By the mid 70s, Kuti’s politics of resistance was reaching its peak. Zombie was its most forceful expression, Kuti’s lyrics characterising the violent Nigerian army as mindless zombies. You can feel the force of his frustration through his blistering saxophone as it meanders over the highlife guitar line, while Allen’s snappy, shaker-heavy rhythm is the ever-reliable foundation for Kuti’s social message. The song’s success in Nigeria was not without consequences, leading to a severe beating for Kuti, the torching of his studio and his elderly mother being thrown from a window and killed.

Tony Allen: Nepa (Never Expect Power Always, 1984)

Kuti had a domineering relationship to his bandmates, demanding all recording royalties for himself despite Allen’s role as musical director. As the 70s wore on and the group’s popularity increased, so did the dissent in its ranks. By 1979, Allen had recorded three albums as bandleader and so decided to leave the ‘Africa 70, taking many of its members with him. The greatest recording of his new era is 1984’s Nepa – an attack on the notoriously unreliable Nigerian Electrical Power Authority. Here Allen continues Kuti’s lineage of playful socio-political criticism, this time updating the Afrobeat sound to include dub-inflected electronics and fusion funk. It would become representative of Allen’s all-encompassing musical appetite in the years to come.

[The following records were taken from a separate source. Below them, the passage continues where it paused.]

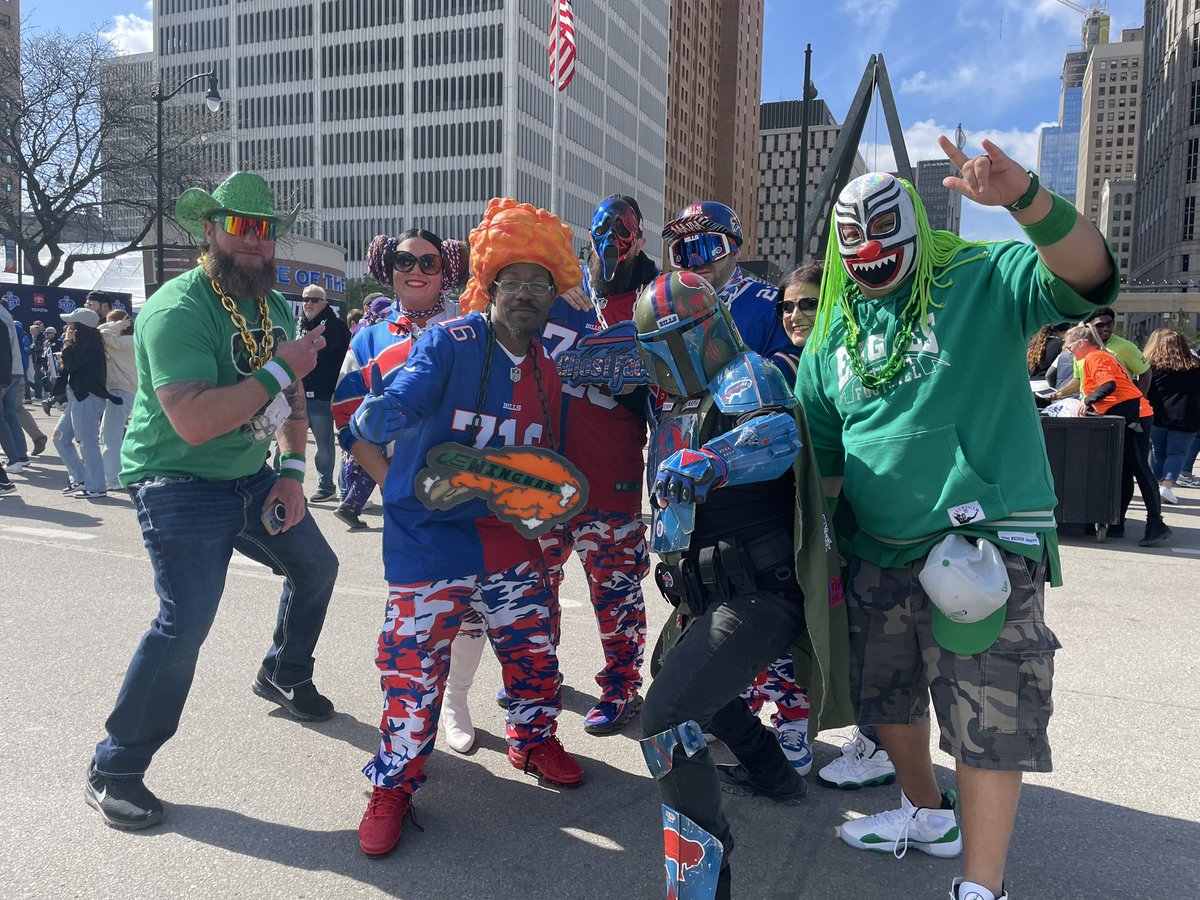 AM800CKLW's tweet image. It’s #NFLDraft2024 day in Detroit!!

So many activities happening in Hart Plaza and Campus Martius!

@visitdetroit 
@detsports 
#nfldraft
#nfldraftdetroit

The Good, the Bad & the Queen: The Good, the Bad & the Queen (The Good, the Bad & the Queen, 2007)

As the 90s continued and Allen was establishing himself as an architect of Afrobeat in his own right, especially in the wake of Kuti’s 1997 death, his own genre-eating journey was evolving further into electronics and collaboration. A longtime fan of the genre, Damon Albarn enlisted Allen for his supergroup, The Good, the Bad & the Queen, featuring the Clash’s Paul Simonon on bass and the Verve’s Simon Tong on guitar. The sprawling title track is the closest we see Allen to cutting loose behind the kit and producing an unabashed rock sound behind Tong’s voluminous closing solo – a testament to his energetic versatility.

Moritz von Oswald: Sounding Line 1 (Sounding Lines, 2015)

Moritz von Oswald: Sounding Line 1 – video

Perhaps the strangest and least well-known of Allen’s collaborations is that with the techno producer Moritz von Oswald, who replaced his longtime drummer Vladislav Delay with Allen for his 2015 album Sounding Lines. Allen produces a truly remarkable sound: a warped and manipulated series of electronics. The opening track sees Allen superimpose an Afrobeat shuffle on to a wobbly dub that builds over 10 minutes to create a simmering, electro dancefloor odyssey.

Tony Allen: A Night in Tunisia (A Tribute to Art Blakey and the Messengers, 2017)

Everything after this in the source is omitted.